→ Exercise brief: The reply should contain every entry exactly as given, with no pictures in it.

Caption-style text data
##########

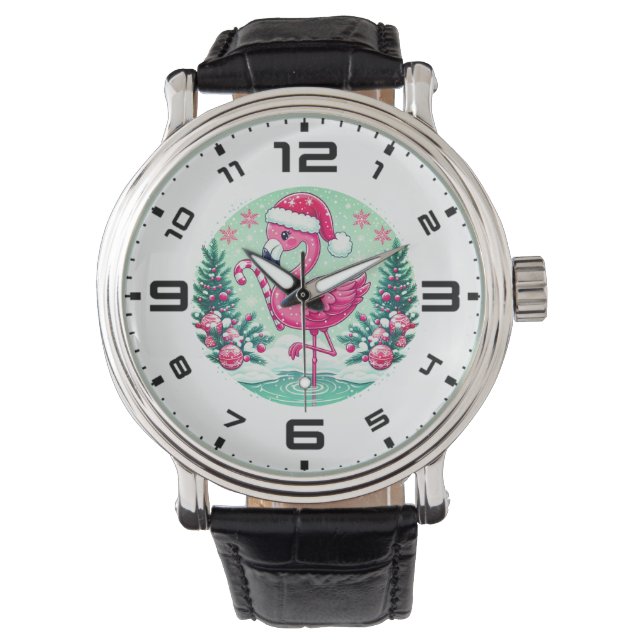Reloj De Pulsera Navidades Sublimación Flamingo Clipart-10424 (Anverso)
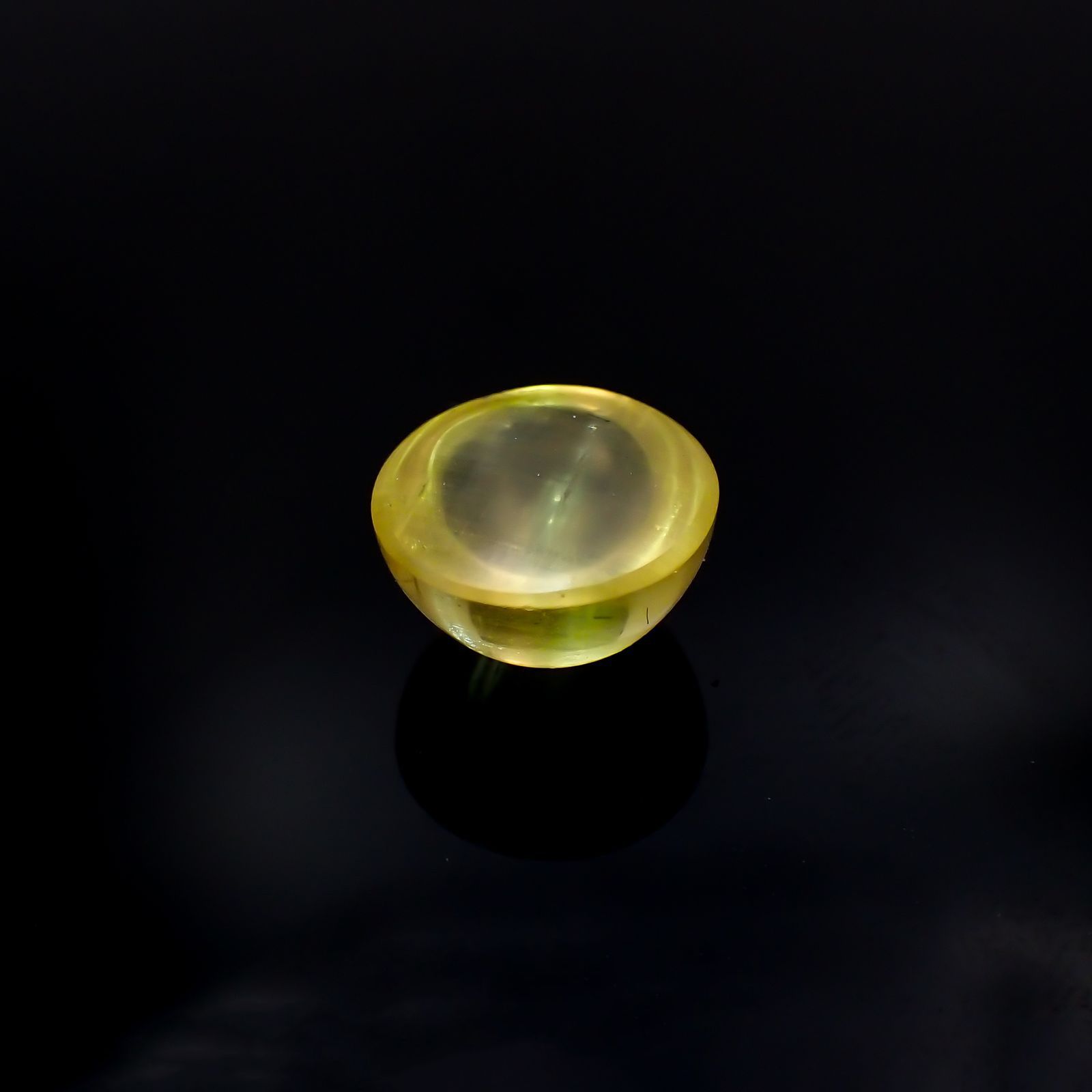 イエローベリルキャッツアイ(宝石名イエロー・ベリル キャッツアイ)ブラジル産 2.99ct 識別済[220917880]9x8.9mm前後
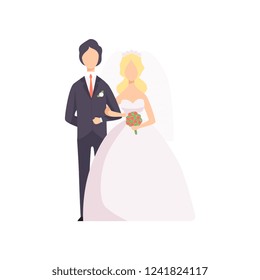 Elegant couple of newlyweds at wedding ceremony vector Illustration on a white background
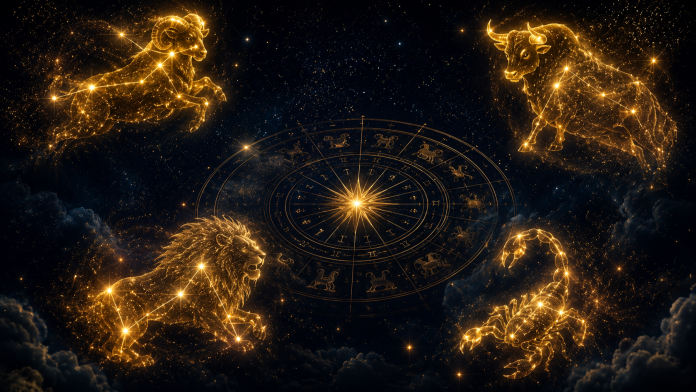 Constelații și cerc zodiacal care simbolizează cele patru zodii considerate norocoase în astrologie.
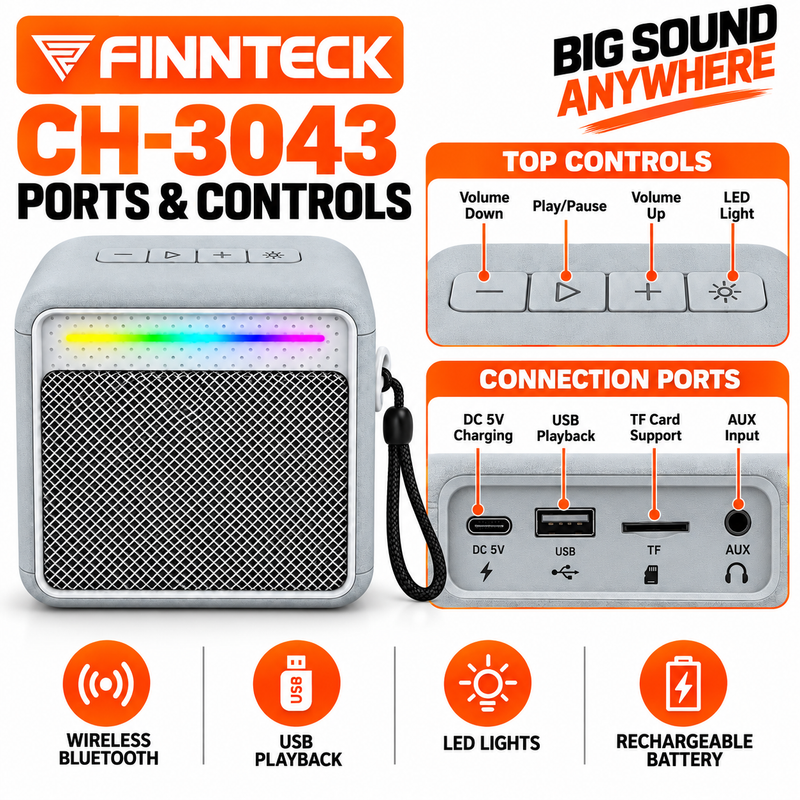 Finnteck CH-3043 8W Portable Bluetooth Speaker with LED Lights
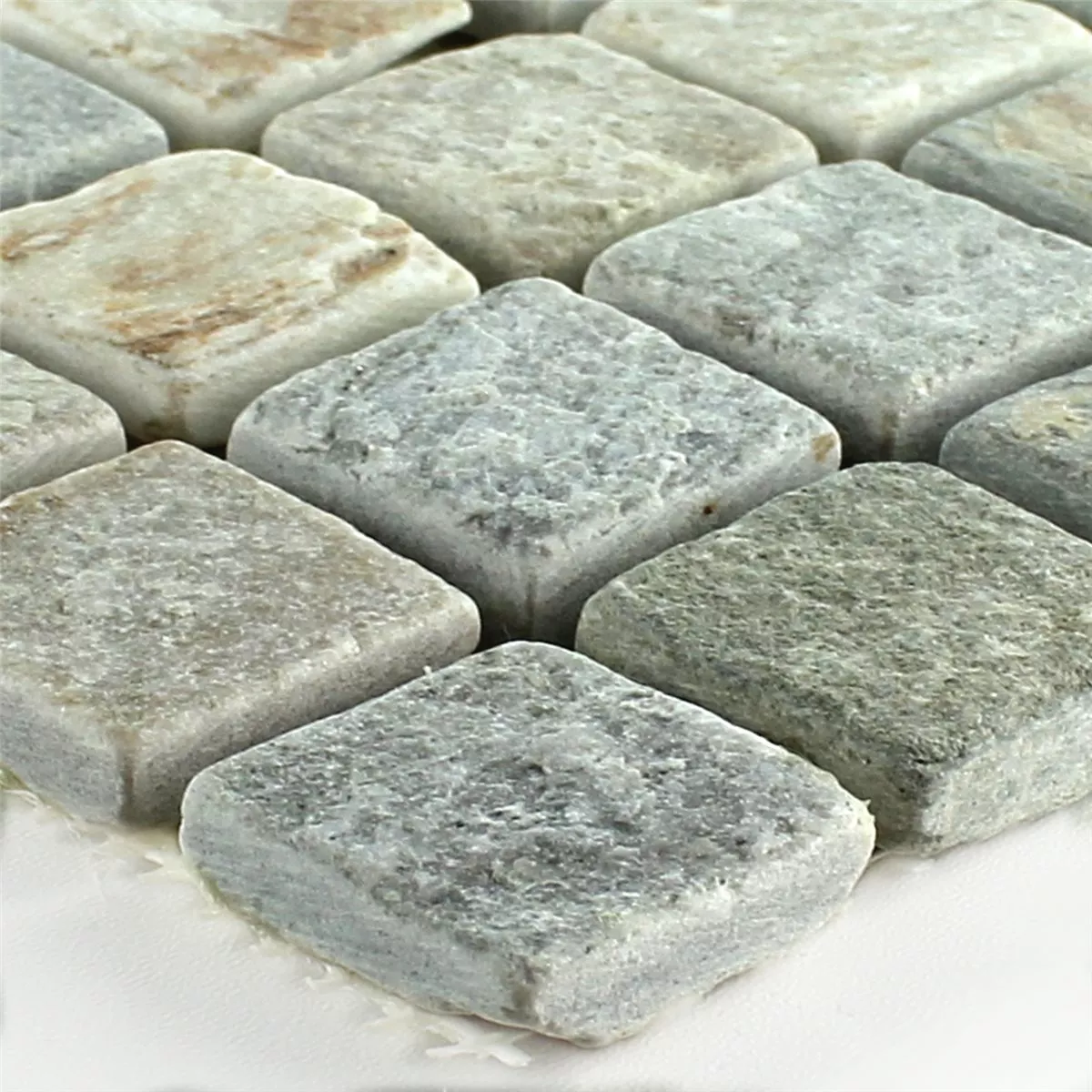 Mozaiková Dlaždice Křemenec Béžová Šedá 22x22mm Mozaiková Dlaždice Křemenec Béžová Šedá 22x22mm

##########

→ Result:
Reloj De Pulsera Navidades Sublimación Flamingo Clipart-10424 (Anverso)
 イエローベリルキャッツアイ(宝石名イエロー・ベリル キャッツアイ)ブラジル産 2.99ct 識別済[220917880]9x8.9mm前後
 Elegant couple of newlyweds at wedding ceremony vector Illustration on a white background
 Constelații și cerc zodiacal care simbolizează cele patru zodii considerate norocoase în astrologie.
 Finnteck CH-3043 8W Portable Bluetooth Speaker with LED Lights
 Mozaiková Dlaždice Křemenec Béžová Šedá 22x22mm Mozaiková Dlaždice Křemenec Béžová Šedá 22x22mm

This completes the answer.